In the summer of 2021 Ethan James Green began to photograph his friends around New York—the model Connie Fleming, stylist Dara Allen, writer Devan Diez, and more among them. They piled hair high on their heads, dressed in lingerie, and crafted scenes all throughout the city. Green first shared a preview of this series in a zine of polaroids published by Dashwood Books in 2021, which was followed up earlier this year with a photo book by Baron Books. Now, the project culminates with an exhibition in New York.
On view now at Kapp Kapp, “Bombshell” presents a tender collection of portraits taken between 2021 and 2022 that reimagines the modern knockout. Outfitted in enormous wigs, corsets, and sky-high heels, Green’s models dangle from street lights, scowl smoking cigarettes, and hang over fire escapes. Rendered in a glossy sheen, they refuse to shrink. More than models, the photographer’s subjects are cultural tastemakers, many of whom are trans women. And in Green’s portraits, they both adopt and subvert visions of femininity: the result a perfect straddling—literally, in Devan, 2021, and Eugenia, 2022, in which the subjects wrap their legs around a metal beam and a tree trunk, respectively.
That Green’s photographs are both dramatic and intimate is unsurprising. He has made a living out of his personal portraiture. The photographer’s black and white portraits are often starkly lit, and his subjects have included the Olsen twins, Michael B. Jordan, Anthony Bourdain, and Green’s own mother. His bombshells, though, are the photographer at his most collaborative and uninhibited.
Each woman performs a different definition of bombshell under Green’s lens. In Sam, 2021, photographer Sam Penn embodies a dreamlike nymph. In Martine, 2022, artist Martine Gutierrez projects a lurid siren. And in Hari, 2021, the actress and model Hari Nef is all tangled up. She lies on her back on the ground, half-dressed in ‘50s-era tights, lingerie, and pumps. Her hair is slicked in an updo, her face perfectly painted in make-up, and her gaze steady. Body contorted, Nef looks softly at the camera, as if she is greeting her guest like any good host: “Hello, welcome in.” In doing so, she emulates the role of housewife and socialite akin to twentieth-century society queen Babe Paley. In another portrait of Nef, also titled Hari, 2021, she whips around in her underwear. Not only is she a sophisticated woman, but she is also a playful girl. Green’s subjects are not one-dimensional iconic symbols of beauty—the personas they embody are complex, lived in.
Even in the show’s most minimal compositions, including two photos titled Gabriella, 2022, a duality exists. In the first, fashion editor Gabriella Karefa-Johnson stands nude against a simple black drape.

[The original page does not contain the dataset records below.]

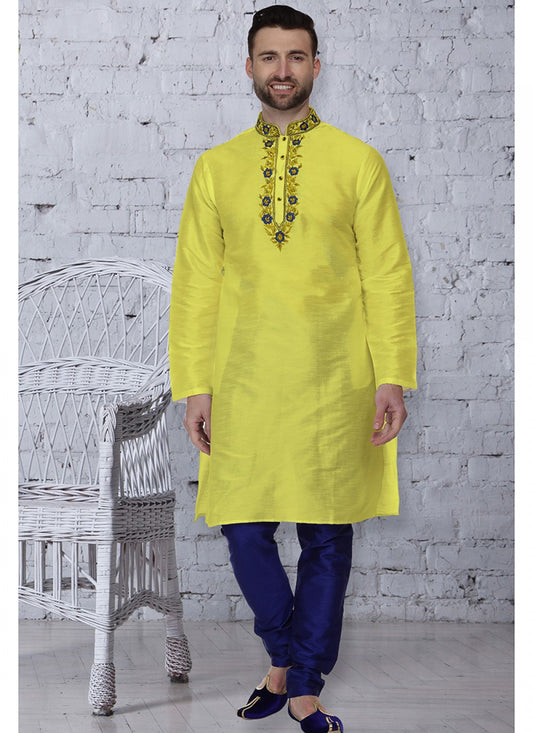 Embroidered Art Dupion Silk Yellow Kurta Pyjama - M1493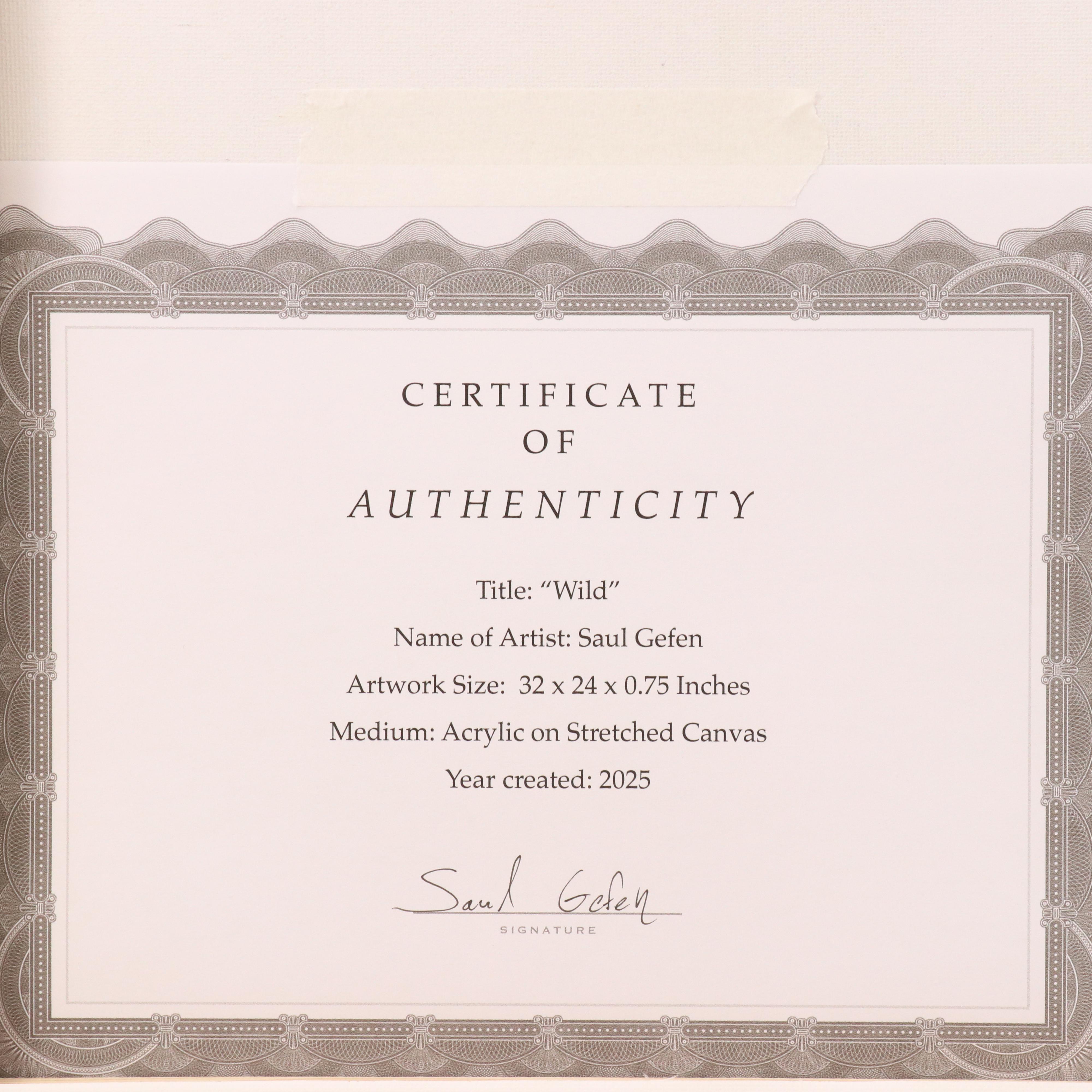 Saul Gefen Stylized Abstract Acrylic Painting "Wild," 2025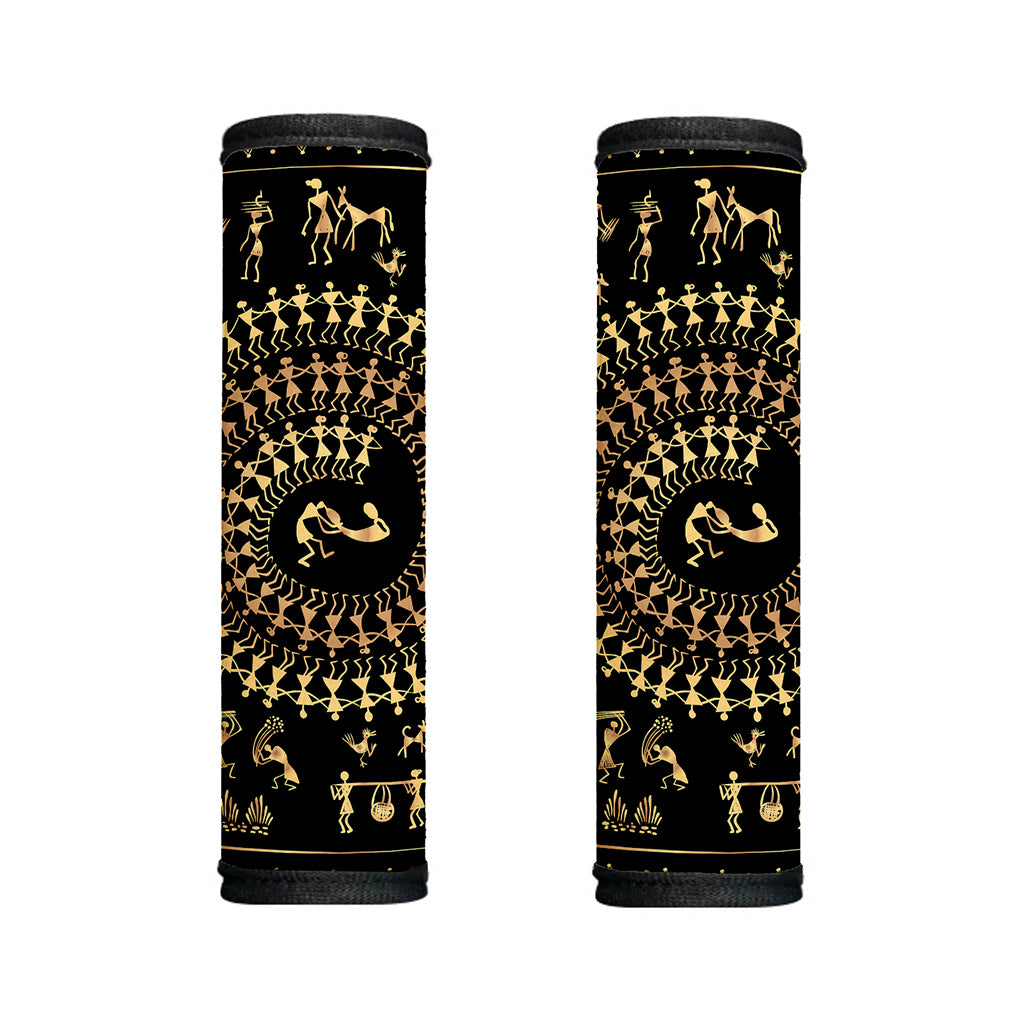 Black And Gold Warli Tribal Print Handle Covers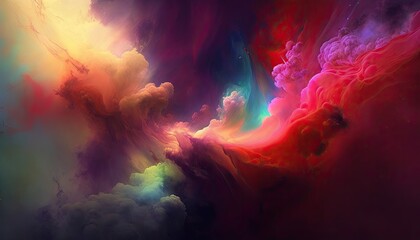 Obraz na płótnie Canvas Abstract astral nebula glowing clouds in space. Stormy dark smoke background wallpaper.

She is elegantly undone: Her hair is a teased mass, her arms cradle her breasts, and she looks demurely at her viewer. Still, her soft expression is commanding and sophisticated. In the next, she has taken a seat on the ground. She’s dressed in a little plunging dress and wears simple, black stilettos. Her freshly done hair blows in every direction. A sultry, sexy vision, she maintains her vulnerability.
The idea of the bombshell has been long tied up with a narrow notion of ideal femininity, one that is labored over in public and private spheres, and one that caters to the straight, male gaze. Sex sells, but the girls and dolls behind the scenes know the trope is hard to realize. The photographer’s depictions of his friends poke fun at, celebrate, and expand accepted tenants of womanhood. Green’s muses are in control: They unfold in front of his lens, glamorous and with a wink. They know how they intend to be perceived. With every photograph, Green makes a case for a new guard of bombshells, ones who write their own rules.
"Bombshell" is on view at Kapp Kapp Gallery throughOctober 26, 2024 at 86 Walker Street, 4th Floor, New York, NY 10013.